Michael Crick suggested the major parties have been slow to bring out their "big beasts" this year. Do you feel you have been under-used?
No. There is no appetite for jobbing back to yesteryear. There are new generations out there.
As one of the UK's most successful media entrepreneurs, what do you make of the "sexing-up" of Ed Miliband? What do you think have been the key factors behind his image overhaul?
Passed me by.
On the flip side of that, what do you think Cameron could have done better in his own campaign? Do you feel he has overplayed the economy card?
The economy card is critical and central. David Cameron rightly is playing to his strengths.
What do you make of the strategy of Lynton Crosby?
I believe his advice is sound.

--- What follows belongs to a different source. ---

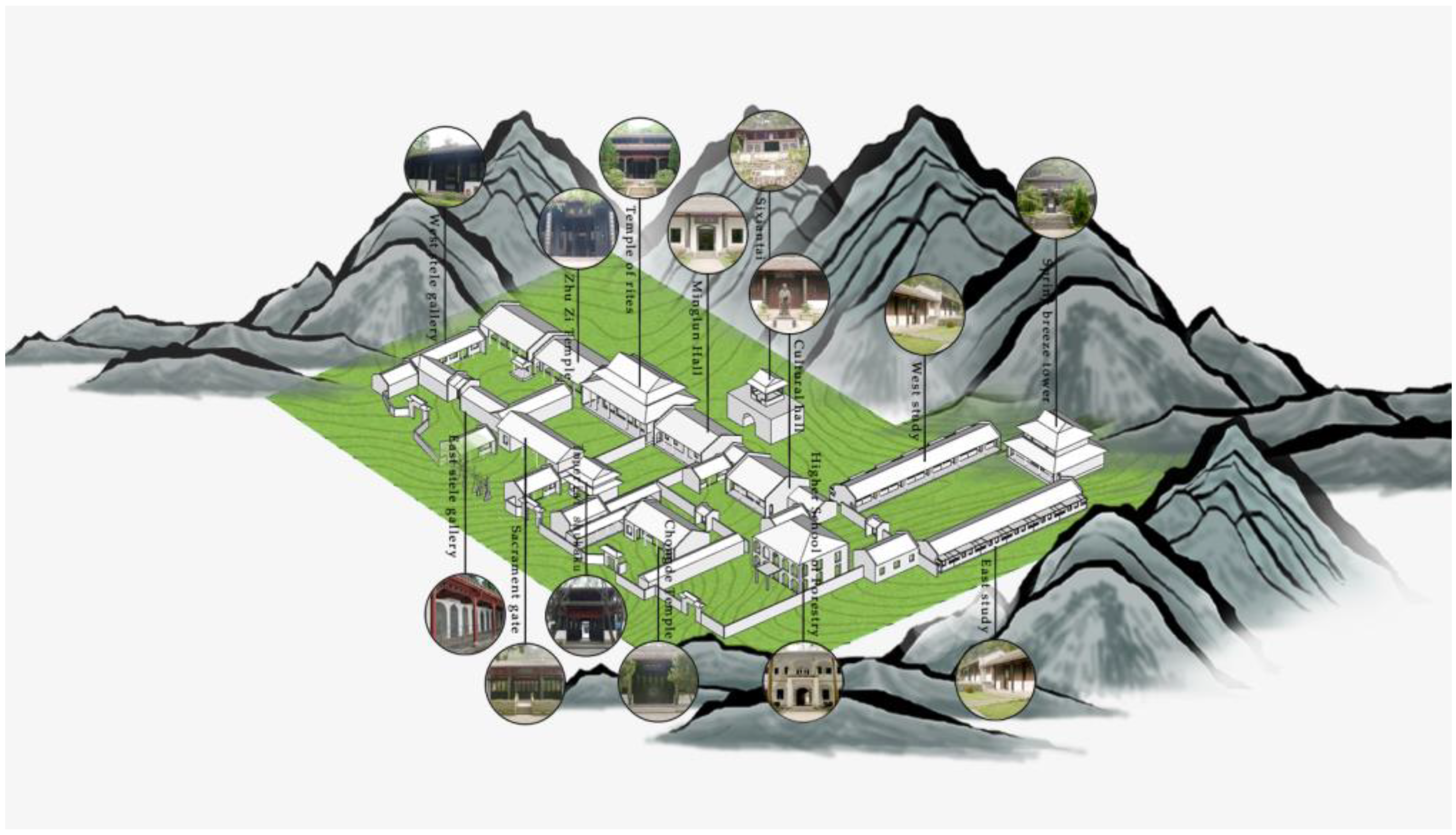 Buildings 13 01101 g004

It coincides with all my experience.
What advice would you be giving the Tories on how to handle the final few days of campaigning? What key messages would you be emphasising?
Stick to the central message and keep going.
Are you now genuinely worried by the prospect that Miliband will win?
I don't think Ed Miliband will be prime minister.
Some people seem to suggest Cameron isn't passionate enough. Do you agree?
I want competence, determination and a sense of direction in a prime minister not the qualities of a B-movie star.
Do you think Cameron should have attended the second leaders' debate?
You declared yourself a "great enthusiast" for the coalition's approach in 2012, after they adopted 81 of your 89 recommendations on localism. Why did you change that approach to the extent that, by the autumn of 2014, you said people were "deeply frustrated" by 2014. What caused you to lose faith in the coalition?
My view about my report remains unchanged. The frustration flows from the impact of recession which squeezed living standards.
How would you assess the performance of Britain's LEPs?
The most significant devolution of economic policy I have seen. A good start. Much yet to do.
You have always been staunchly pro-European. Do you agree with Miliband's criticism of Cameron's 'small-minded isolationism'?
No. David Cameron wants to improve Europe not isolate us from it.
Do you feel a Tory-Ukip coalition is a genuine possibility?
Unthinkable and unacceptable as has been made clear.
How much does that possibility worry you?
It doesn't, because it isn't going to happen.
Who do you think will be the next leader of the Conservative party, and when do you think they will take over?
My concern is with this election. Speculation about events years away is a distraction.
Lord Michael Heseltine is one of the Conservatives' most respected and charismatic politicians. First elected to parliament in 1966, he held various ministerial offices between 1983 and 1987, including the posts of deputy prime minister and president of the board of trade.
He retains an active interest in the Conservatives' fortunes, and presented a landmark masterplan for UK economic growth in 2012.